HPRB HEARING: READ OR WATCH OUR TESTIMONY
The DC Historic Preservation Review Board (HPRB) considered the rebuilding plans for 3515 Woodley Road at its February 25th meeting. Ralph Cunningham of Cunningham | Quill Architects presented the plans to rebuild, and CPHS and ANC3C testified at the hearing.
You can read our testimony here or watch video of the hearing at here — click on the Feb. 25th hearing date and then navigate to the last case on the agenda for the day. Our testimony was informed by the documents we received from DCRA in response to our FOIA request, which document the structural damage that the DCRA inspector found in his October 26th inspection and the apparent contractor negligence that caused the damage. The salient documents — the Notice of Infraction, Stop Work Order, and photographs taken by the inspector — are available to download here. (The file is a 10 MB PDF.)

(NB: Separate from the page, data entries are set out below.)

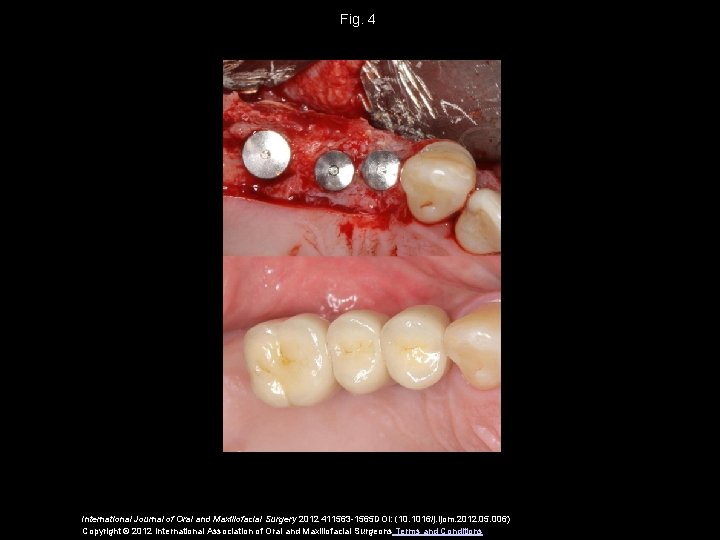 Fig. 4 International Journal of Oral and Maxillofacial Surgery 2012 411563 -1565 DOI: (10.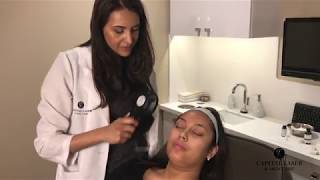 Chemical Peels - CLSC Education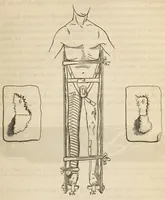 An illustration from The American journal of the medical sciences (1827)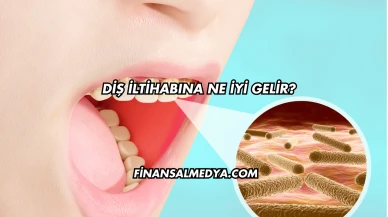 Diş İltihabına Ne İyi Gelir?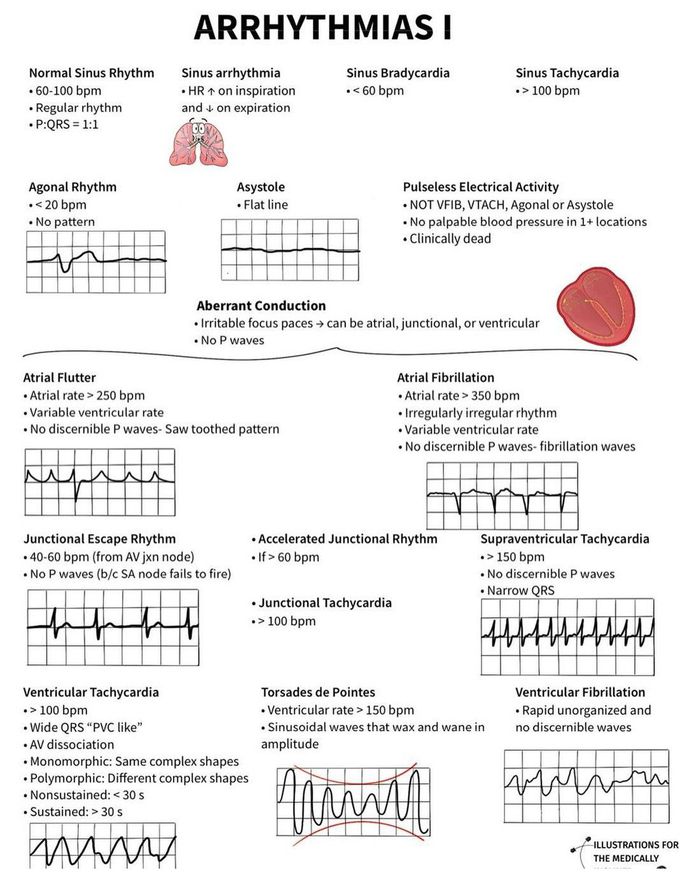 Arrhythmias I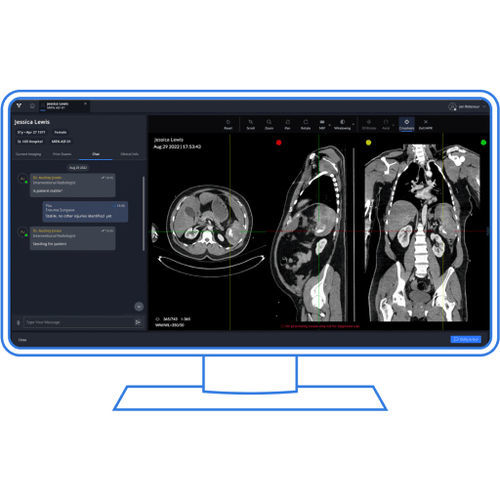Software para traumatologia - Viz.ai - de criação de laudos / visualizador / de compartilhamento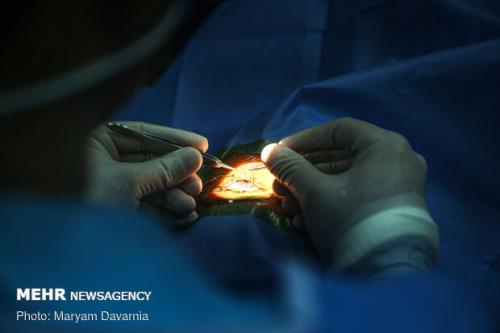 افقی تازه در درمان زخم های شدید قرنیه با بهره گیری از سلول های بنیادی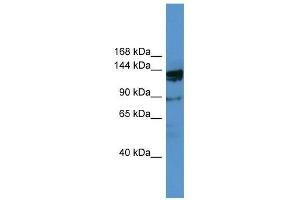 OGDHL antibody used at 0. (OGDHL 抗体  (N-Term))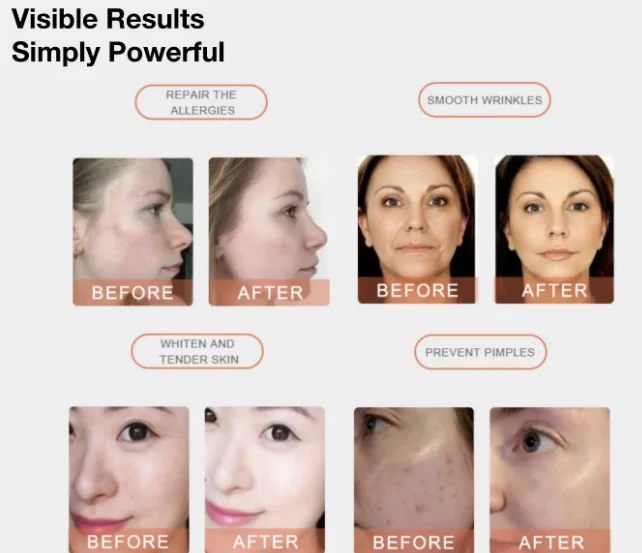 PDT LED Light Therapy Rejuvenating Skin Care / Pdt omega Led Light Therapy Machine with 7 Colors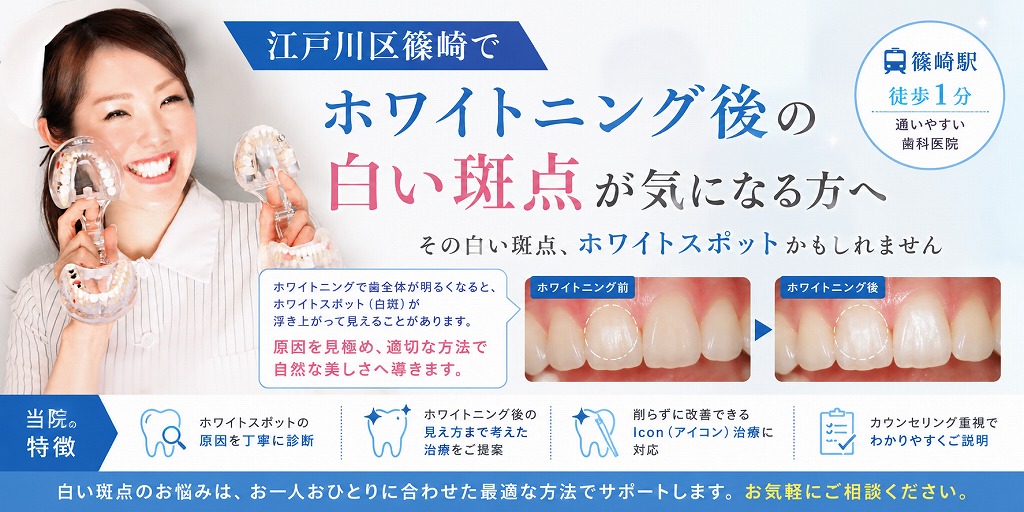 江戸川区篠崎でホワイトニング後の白い斑点が気になる方へ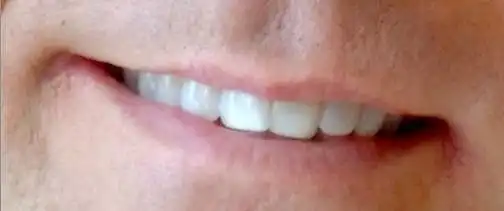 30. On a scale of 1-10, How good-looking are these lips?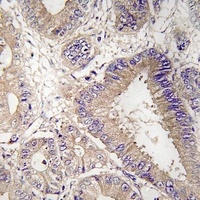 UPF1 Rabbit Polyclonal Antibody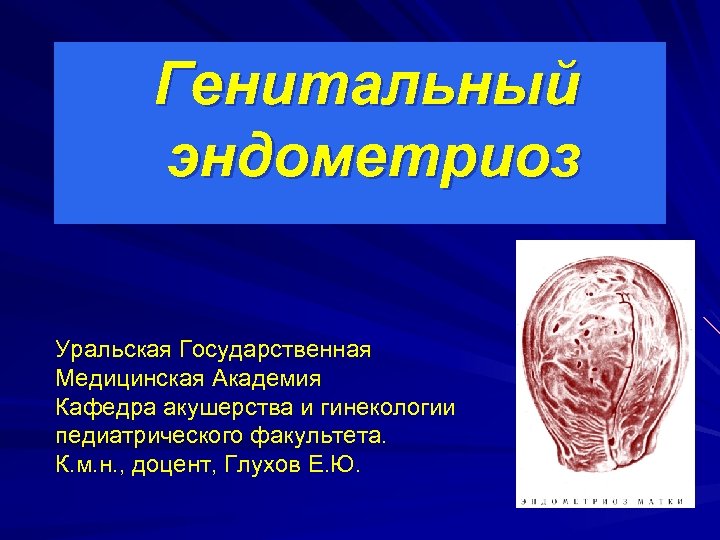 Генитальный эндометриоз Уральская Государственная Медицинская Академия Кафедра акушерства и гинекологии педиатрического факультета. К. м.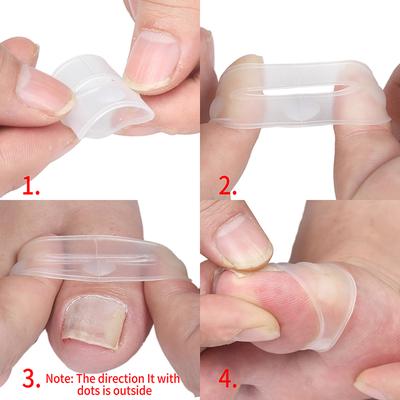 Silikónový nástroj na korekciu zarastených nechtov na nohách Neviditeľné ošetrenie zarastených nechtov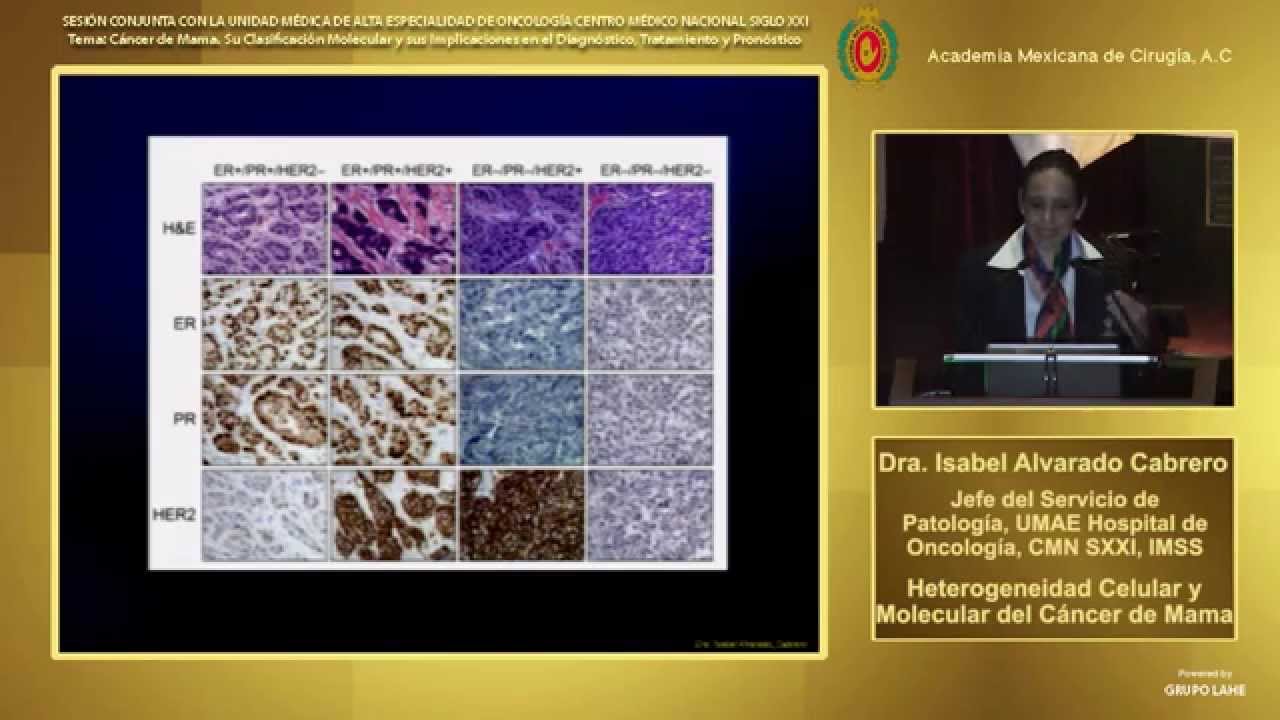 Clasificación Molecular del Cáncer de Mama y Teranóstica, Dra. Isabel Alvarado Cabrero - 26/08/2014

PROTECTIONS FOR THE REBUILT HOUSE
Because the rebuilt house will be a replica without any of the historic fabric from the 1912 building it replaces, it will be “non-contributing” in the historic district and thus, unless other measures were put place, it would have a lower degree of protection than “contributing” structures. DC Historic Preservation Office staff are characterizing this as a “reconstruction,” rather than new construction, and recommend that any future changes to the house receive a higher level of scrutiny.

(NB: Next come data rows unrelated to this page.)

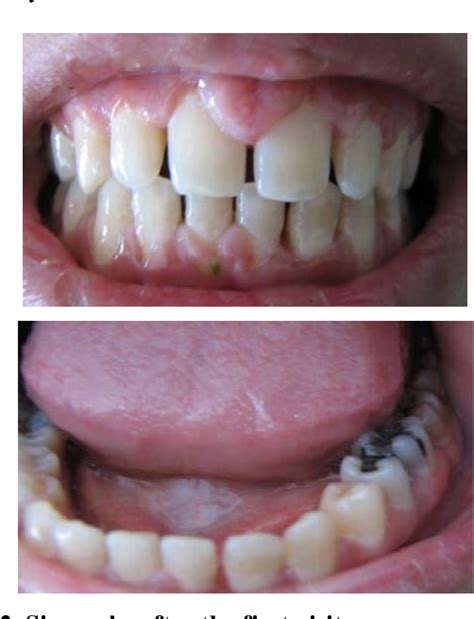 Figure 2 From A Case Of Gingival Enlargement In Acute Myeloid Leukemia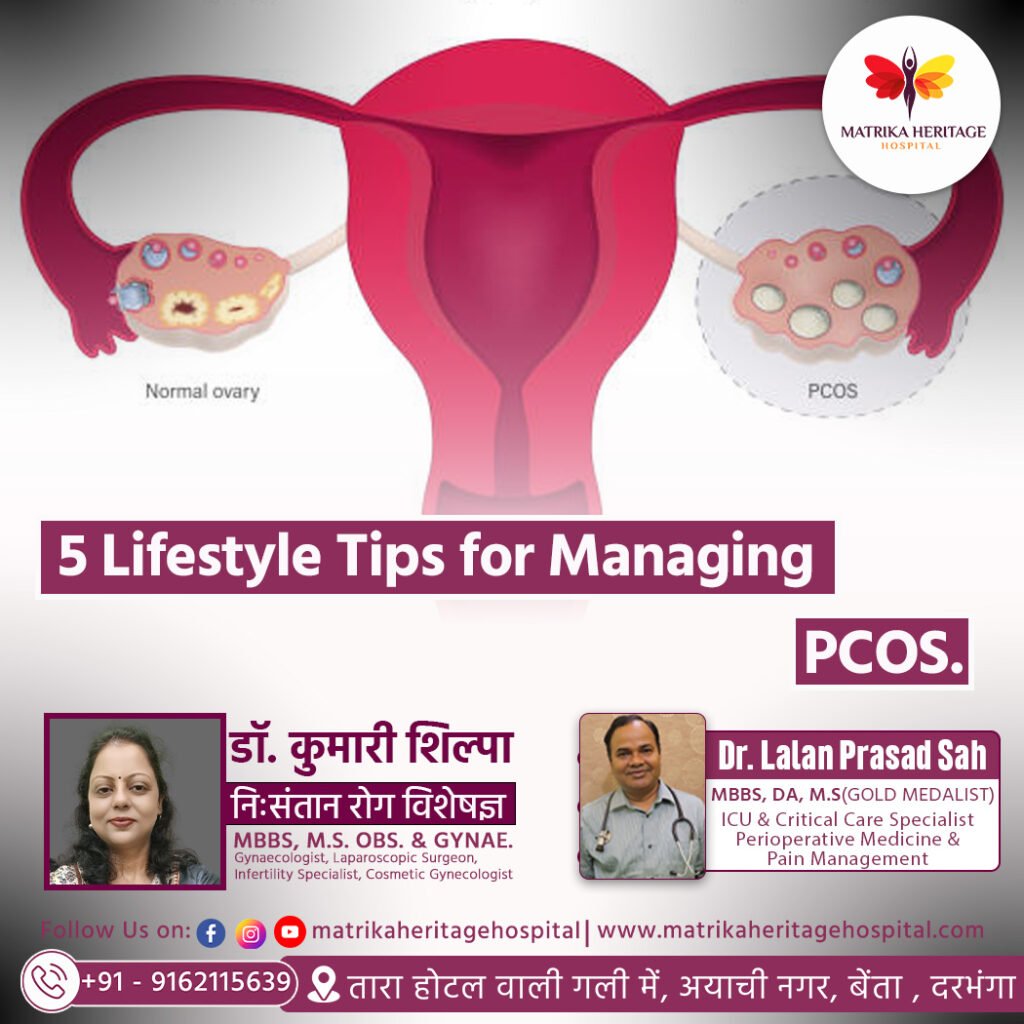 5 Lifestyle Tips for Managing PCOS.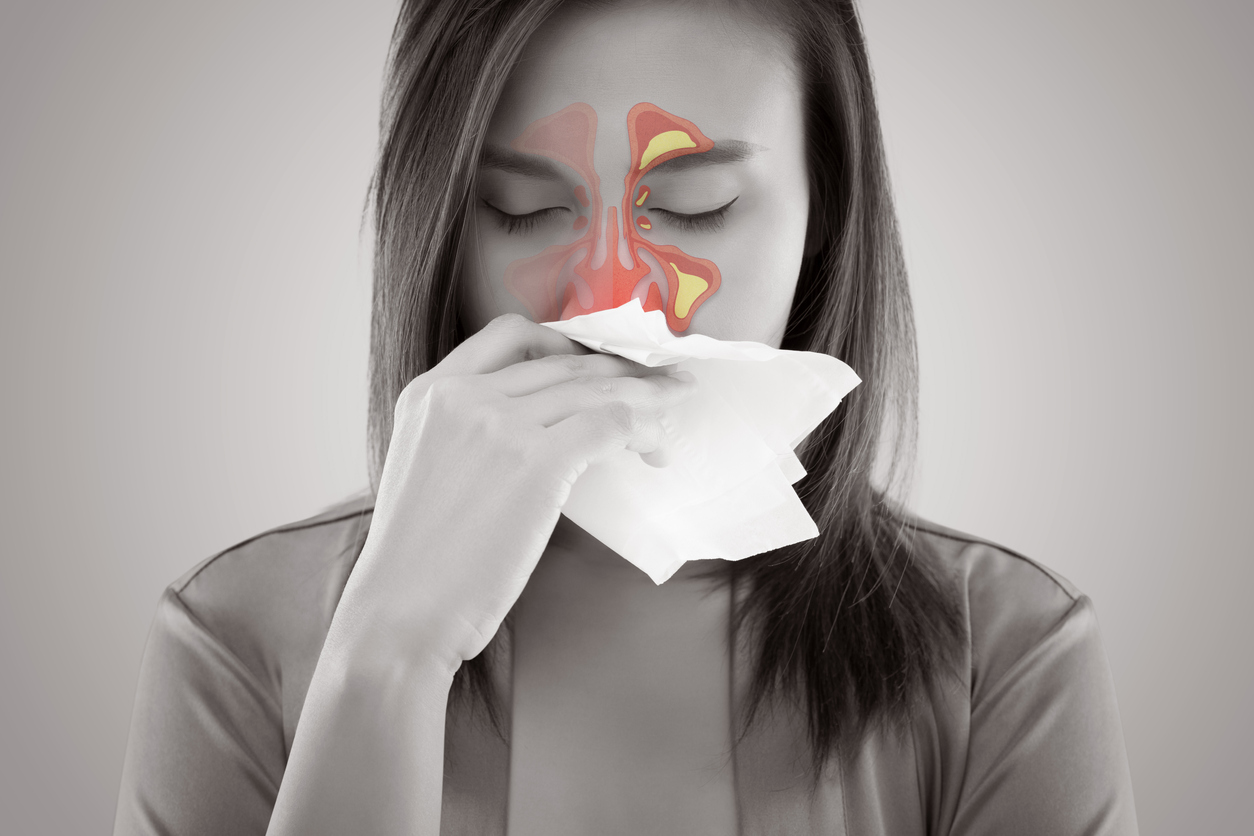 Symptoms of allergic rhinitis Clear, watery nasal discharge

For additional assurance that the house will remain as rebuilt, CPHS and ANC3C worked together to secure a covenant on the property requiring that the rebuilt house be treated as if it were a contributing property, with full review for any changes by CPHS and ANC3C. ANC3C made execution of the covenant a condition of their approval of the plans to rebuild. The HPRB voted to approve the rebuilding plans in concept, but directed their staff to withhold final approval until execution of the covenant has been verified. CPHS and ANC3C have now agreed with the owner of the property, Barrett Evans, on the covenant, and we expect it will be signed by all parties this week.

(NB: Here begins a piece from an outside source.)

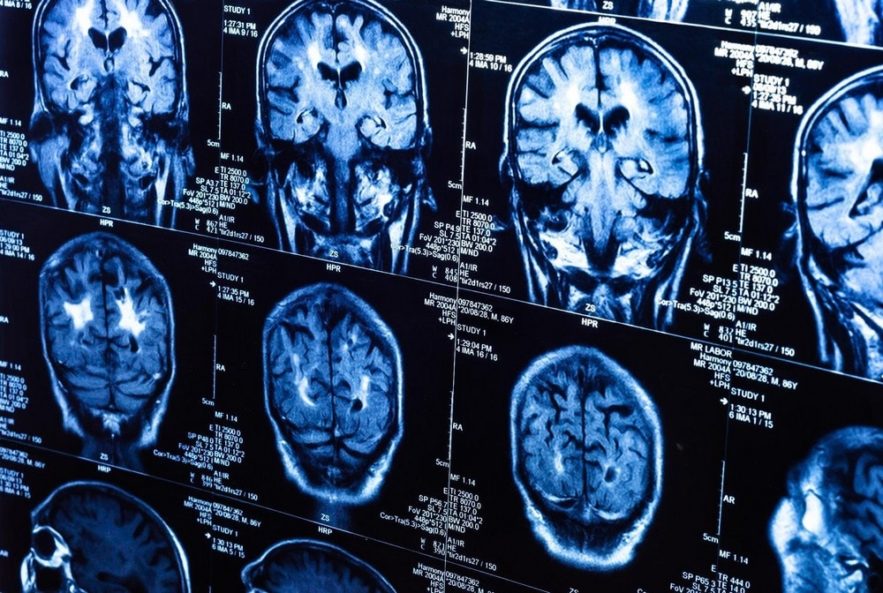 cerveau irm irmf imagerie résonnance réponse suivi tracking pensée timing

QUESTIONS REMAIN; COLLAPSES CONTINUE
Many questions about how the loss of this house came about remain to be answered, despite the fact that rebuilding is going ahead. The documents received from DCRA include nothing between the October 27th Stop Work order and the day the house was razed ten days later. There is no documentation of the consultation with the Historic Preservation Office which we have been told happened orally, and which is required by the preservation law. There is nothing in writing to substantiate DCRA’s decision to order an emergency raze. CPHS will pursue our FOIA request to attempt to obtain documentation from the missing period, if it exists. We will be following up with the help of HPRB, the DC Council, and the DC Preservation League to seek to put measures in place to prevent this kind of thing from ever happening again. It is clear that better enforcement by DC will be necessary, as just in the last few days two more houses have collapsed while undergoing construction elsewhere in the city.